The national organization formally removed former board chairman Bob Irvin, a Republican, and incoming board chairman Terry Taylor, a Democrat, from the state’s board, the National Review reported.
This prompted two other board members to resign in protest: Lucius Morton, the outgoing chairman and a Republican, and Phyllis Fraley, an Independent, the National Review reported. Together they made up one-third of the state organization’s leadership.
But Scott Swenson, a spokesperson for Common Cause national, told Atlanta Progressive News that the turning point for Common Cause Georgia resulted from its leaders refusing to prioritize voting rights.
“The shift that has been alluded to by folks in the media in Georgia is a fiction. What they’re not telling you is that [members of the state chapter] were preventing us from woking on voting rights,” Swenson said.
“Common Cause’s core issue has always been making sure that democracy works for everyone. In a state like Georgia, where the Voting Rights Act has helped to protect voters, and since the [Supreme Court decision in Shelby v.
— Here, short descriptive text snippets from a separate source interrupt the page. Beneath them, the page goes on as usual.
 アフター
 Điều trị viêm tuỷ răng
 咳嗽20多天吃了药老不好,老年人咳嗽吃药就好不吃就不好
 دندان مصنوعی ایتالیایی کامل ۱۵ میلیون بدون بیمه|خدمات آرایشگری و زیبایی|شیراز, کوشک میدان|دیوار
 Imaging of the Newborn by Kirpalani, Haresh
Holder]… has put more obstacles into some communities, it’s important that we focus on voting rights,” Swenson said.
“They may want to call that minimum wage and climate change, but it’s about every American, no matter their background, being ensured that their voice is heard,” Swenson said.
Perry told APN that the changes at Common Cause Georgia aren’t so much about taking a more progressive stance on substantive issues, as they are about bringing the state chapter in line with the national organization.
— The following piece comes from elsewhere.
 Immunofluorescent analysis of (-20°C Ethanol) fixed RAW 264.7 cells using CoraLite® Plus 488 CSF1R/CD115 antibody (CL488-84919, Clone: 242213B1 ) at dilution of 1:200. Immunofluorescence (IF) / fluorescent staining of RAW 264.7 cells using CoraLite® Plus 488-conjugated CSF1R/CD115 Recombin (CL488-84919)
“We had a board that considered itself a governing board that could pick and choose the issues,” he said.
“For the most part, the Common Cause issues are ones that I personally agree with so I’m glad someone will be adding to the groups already working on these issues… public policy is okay but it’s not my strong suit. I didn’t enjoy the lobbying portion as much as you need to when you’re working on something like voting rights,” Perry said.
Perry is starting a new organization in order to focus on his government watchdog work.
On August 16, 2015 he registered a nonprofit corporation called Georgia Ethics Watchdogs Inc.
He told APN he needs to secure an insurance policy before talking about the issues he plans to tackle.
Previously, Perry ran for the Atlanta City Council District 1 post, challenging Carla Smith.
Prior to Perry serving as Executive Director of CCGA, the previous director was Bill Bozarth.
The new Board chair, following Irvin’s departure, is Clint Murphy.
Irvin, CCGA’s former chair, posted a comment on APN after this article was first published: “What the national Common Cause employee, Mr. Swenson, means when he says that the state board was ‘blocking [national] from working on voting rights,’ is this: Last October, in the midst of the election, the national organization (CCDC) wanted Common Cause Georgia (CCGA) to endorse a CCDC post saying that the Republican Secretary of State was holding up the processing of as many as 80,000 new voter registration forms collected by the New Georgia Project, a Democratic campaign organization. They wanted us to say that this was being done in order to suppress minority votes.”
“We investigated. It turned out that there was zero evidence that this was happening, and indeed all the forms were in the hands of local governments in five Democratic-controlled counties. Based on this, we declined to endorse their post. A judge later found that there was no evidence of any slow-down by anybody,” Irvin wrote.
“CCDC wants to spin this as blocking their work on voting rights, but in fact it is only declining to go along with their completely baseless accusation,” Irvin wrote.